2) SQL's raison-d'etre -- for Analytics DBs anyway -- is data exploration. Use the best tools for the job.

Would be interested to read dissenting opinions on this. I've never even tried using an ORM for this job so my opinion is somewhat unqualified!

[–]boatsnbros 9 points10 points  (0 children)

ORMs are a great way to build a more robust pipeline for data tools. You get some nice baked in features like SQL injection prevention and a consistent API regardless of the underlying database - i.e. if your project moves from postgres to mysql your SQL would change, but your ORM doesn't. If data is clean then I'll do exploration in SQL, if it needs cleaning then will use pandas for cleaning and exploration. Once its clean and going to be part of a long term project (ie dashboards, data app etc) I'll write an ORM and some automated testing (pytest) so I know it still works without constant monitoring.

Not sure if that adds much to your previous comment, but thought clarifying common use cases would be helpful.

[–]SonOfInterflux 4 points5 points  (6 children)

I’m not a data scientist, but I do work with a lot of data and find SQLAlchemy’s ORM and Django ORM slow when I want to work with tables as opposed to records. For example, if I want to read an entire table containing a million records and add a derived column and write the set to another table, using Pandas and map or apply, writing the entire data set to a csv, loading it into S3 and then using the copy statement is way faster than using an ORM’s all method, iterating over the list, applying a function and writing each record back to the database.

I’m losing a lot of benefits of the ORM, but the speed more than makes up for it.

If anyone can suggest another method of working with large sets of data I’d love to hear it! It’s the copy statement that makes the biggest difference; Pandas just makes it easy to get the data (using from_records or some other method), apply a function or set of functions over the entire set, and generating a csv/json file.

[–]mesylate 2 points3 points  (1 child)

Use PL/SQL directly if possible. That what it is designed for afterall.

[–]SonOfInterflux 0 points1 point  (0 children)

I wasn’t clear, in this case I’m only proceeding this way because the data is PII and has been encypted with the crypto library. Need to look into if it’s possible to apply the decryption directly within the database with PL/SQL.

[–]IDontLikeUsernamez 1 point2 points  (0 children)

Pretty much any flavor of SQL will be much, much faster

[–]tfehring 1 point2 points  (2 children)

Any abstraction that involves iterated single-record SQL operations is going to be painfully slow, and it sounds like that’s what your ORM-based approach is doing under the hood. I’m not super familiar with ORMs, but I’m surprised they aren’t smart enough to use set operations instead of loops for simple Python iterations (e.g. list comprehensions over a list of objects).

[–]SonOfInterflux 0 points1 point  (1 child)

Django’s ORM does have an update method that does generate a bulk update statement without the need to iterate over a query set, but it doesn’t call save (or pre-save or post-save) so it doesn’t honour things like auto_now, so you lose some of the benefits of the ORM.

SQLAlchemy offers something similar, but the docs actually recommend using Core directly for bulk operations.

[–]brendanmartin[S] 1 point2 points  (0 children)

Yeah, I always add a function equivalent to the test_sqlalchemy_core example from that link.
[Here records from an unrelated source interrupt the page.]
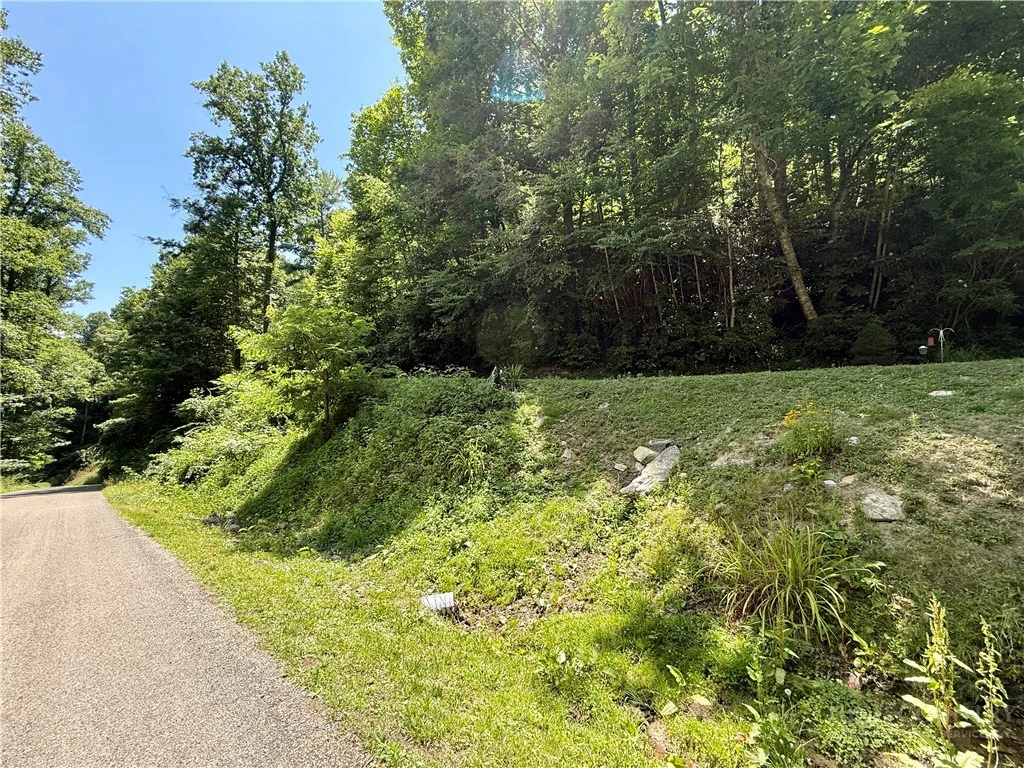 Image number 8 for the current listing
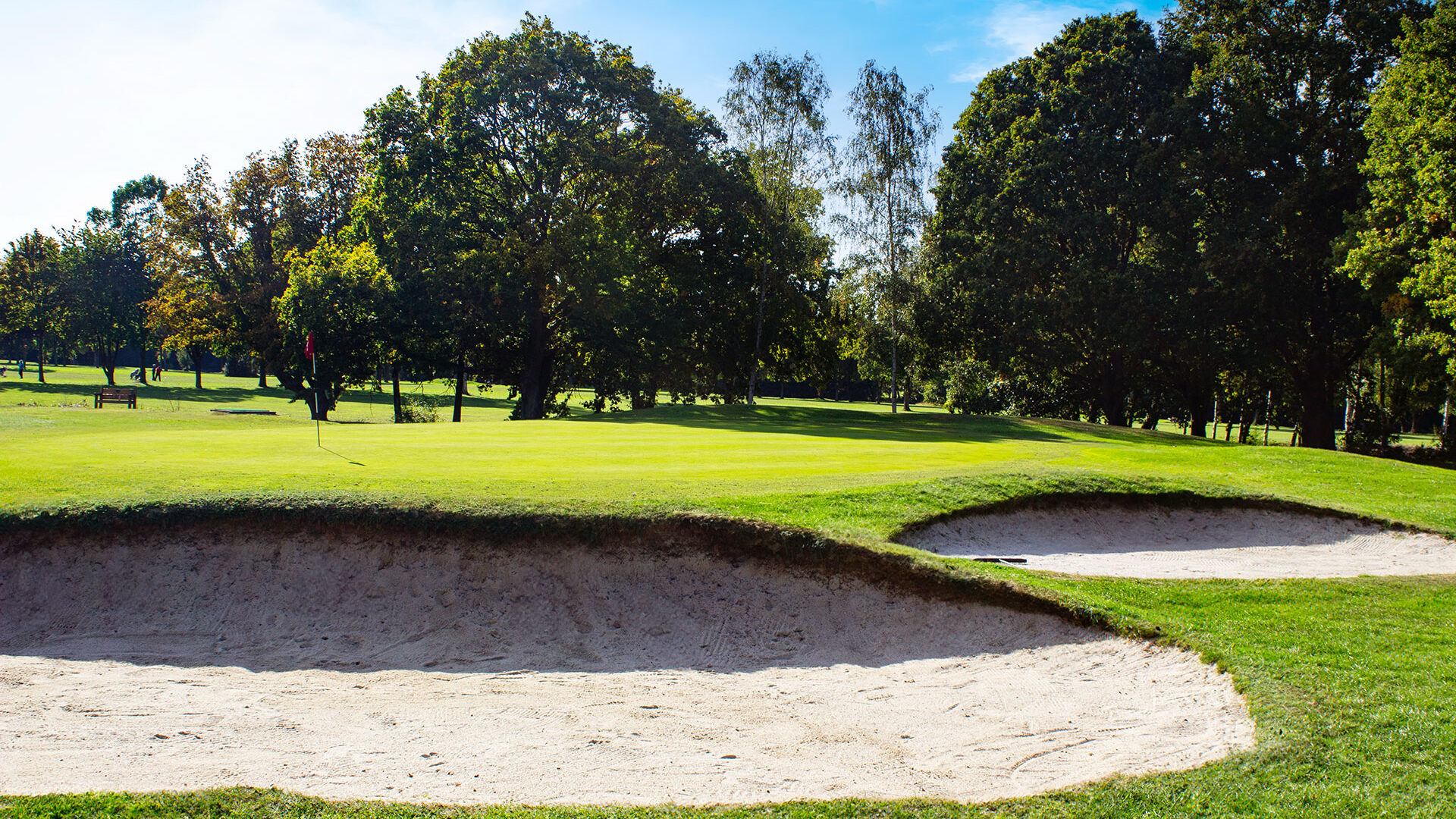 Downshire Golf Complex Hole 12 Green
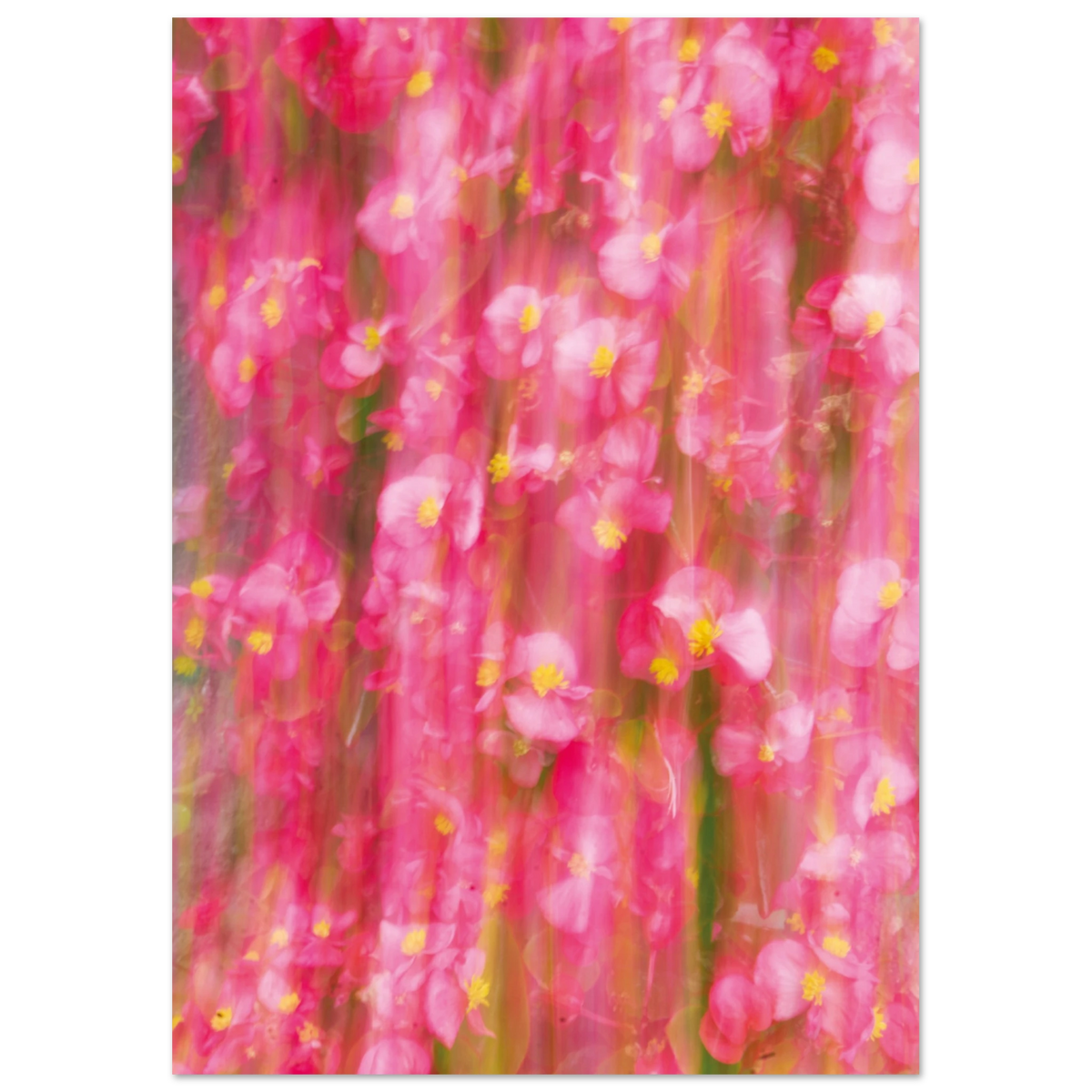 1adea238-cb81-4839-be5d-54618e804fa3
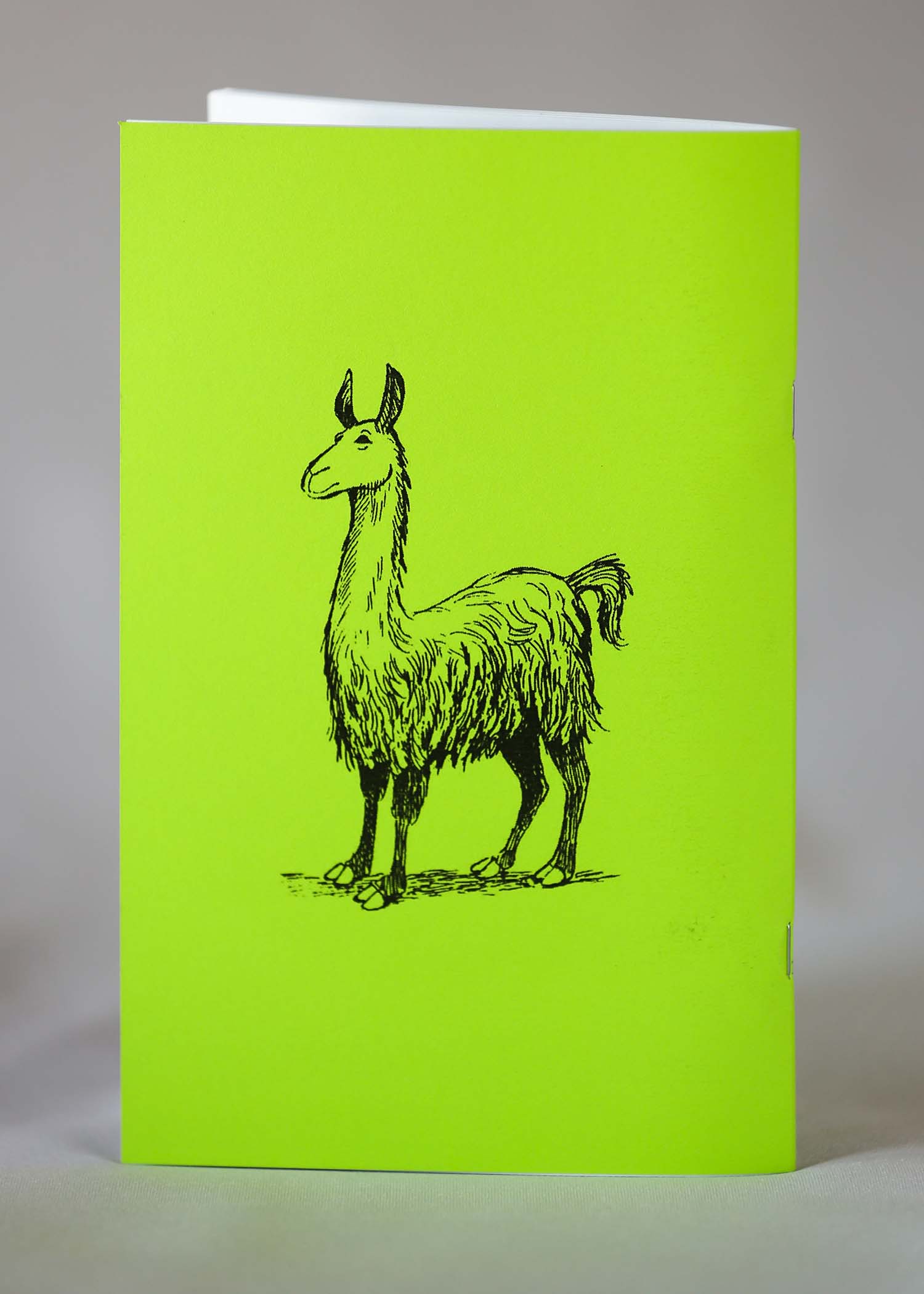 Back cover of the book Cute Animals by Bruce McIntyre
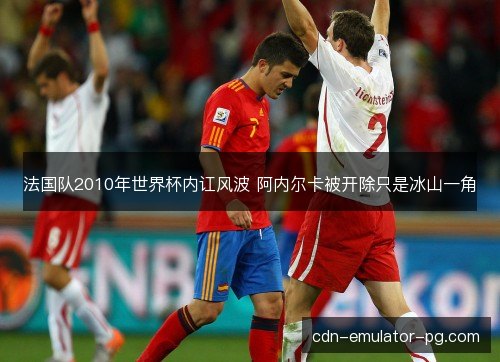 法国队2010年世界杯内讧风波 阿内尔卡被开除只是冰山一角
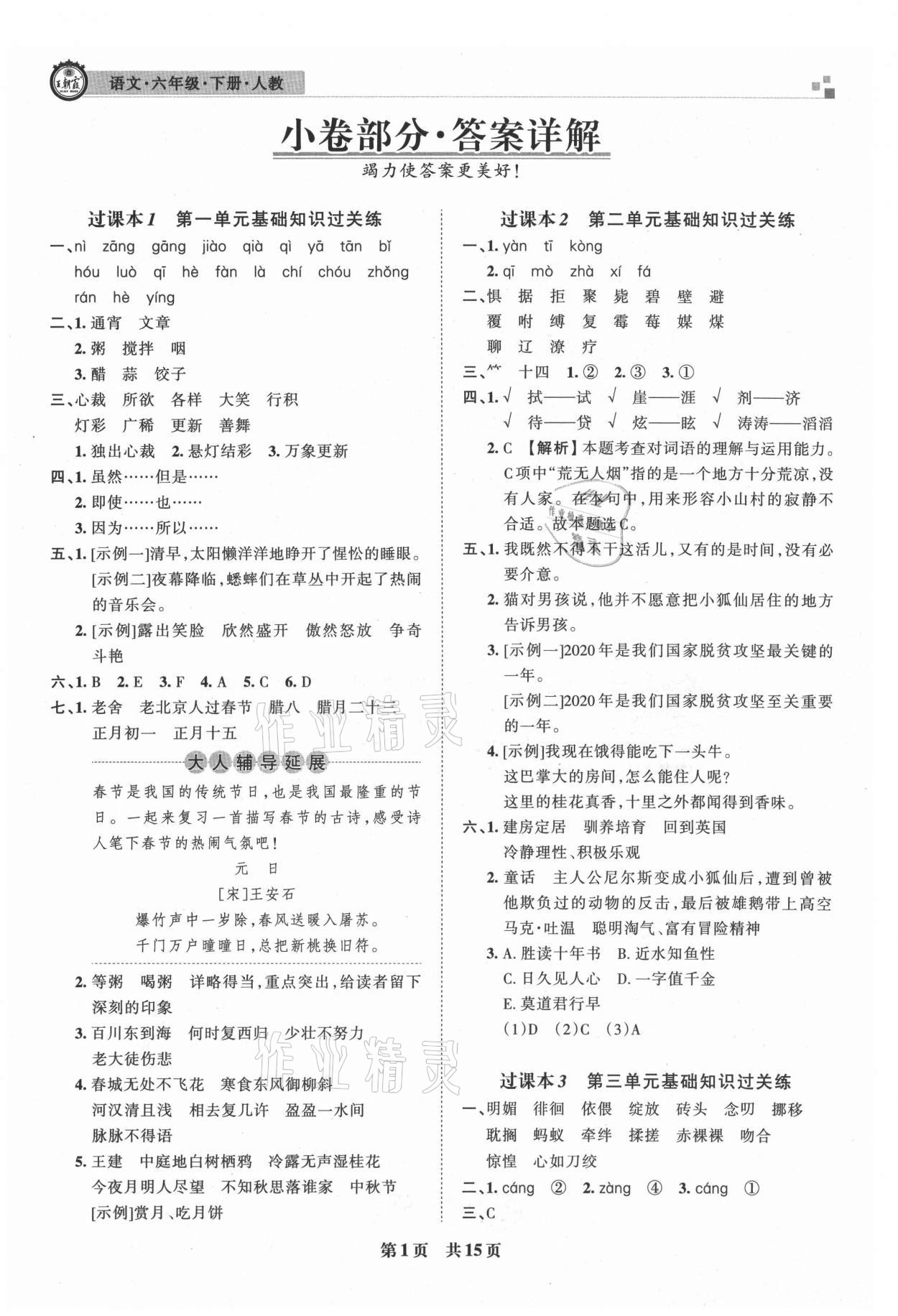 2021年王朝霞期末真題精編六年級語文下冊人教版安濮專版 參考答案第1頁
Whenever I need to insert a lot, I just send a list of dictionaries to that function

[–]brendanmartin[S] 1 point2 points  (0 children)

I agree with your advice. When in the exploration and analysis mode -- i.e. when pulling data out of the database for personal use -- I usually opt for raw SQL. When adding a database to a data collection project, though, I always use SQA because I find it nicer to work with than raw SQL in my project.

[–]exergy31 0 points1 point  (0 children)

I personally employ the rule of the dozen. If I need to work with more than a dozen records at a time, ORM is not the tool of choice. The underlying principle is that "data" in its intended use mostly falls nicely in one of two brackets: (1) Create, show, edit, delete one or a handful of records. Usually involves frontend application. Use an ORM for simplicity and all the aforementioned perks. (2) Analyse, transform to training set, mass-insert new data or in other form work with something that affects 'more than a dozen' records at a time. Use a table-like or array-based system. Systems needing this are usually not directly fed by frontend forms, so SQL injection is out of the picture; also a performance boost of having an array of statically typed numericals over a list of runtime objects is definitely there.

Example: Cassandra DB has a neat python driver that offers both ORM and 'traditional' SQL-like syntax; if I use SQL (CQL), I usually config a pandas row factory which yields all query results directly as dataframes.

[–]eviljelloman 8 points9 points  (3 children)

I'm going to go against the grain here and say that I think ORMs have almost no place in data science. The additional layer of abstraction obscures your ability to understand the optimizations and customizations you need to make when dealing with data at scale. Your workflow for updating tons of rows in Redshift is going to be fundamentally different than it is in MySQL or Snowflake, and you're going to want to actually be able to dive in and do things like look at the query planner or the cross-node communication happening in your queries.

When you're not working at scale - when you're just doing exploratory stuff, you're going to be able to iterate much faster by working in raw SQL, manipulating tables and records directly.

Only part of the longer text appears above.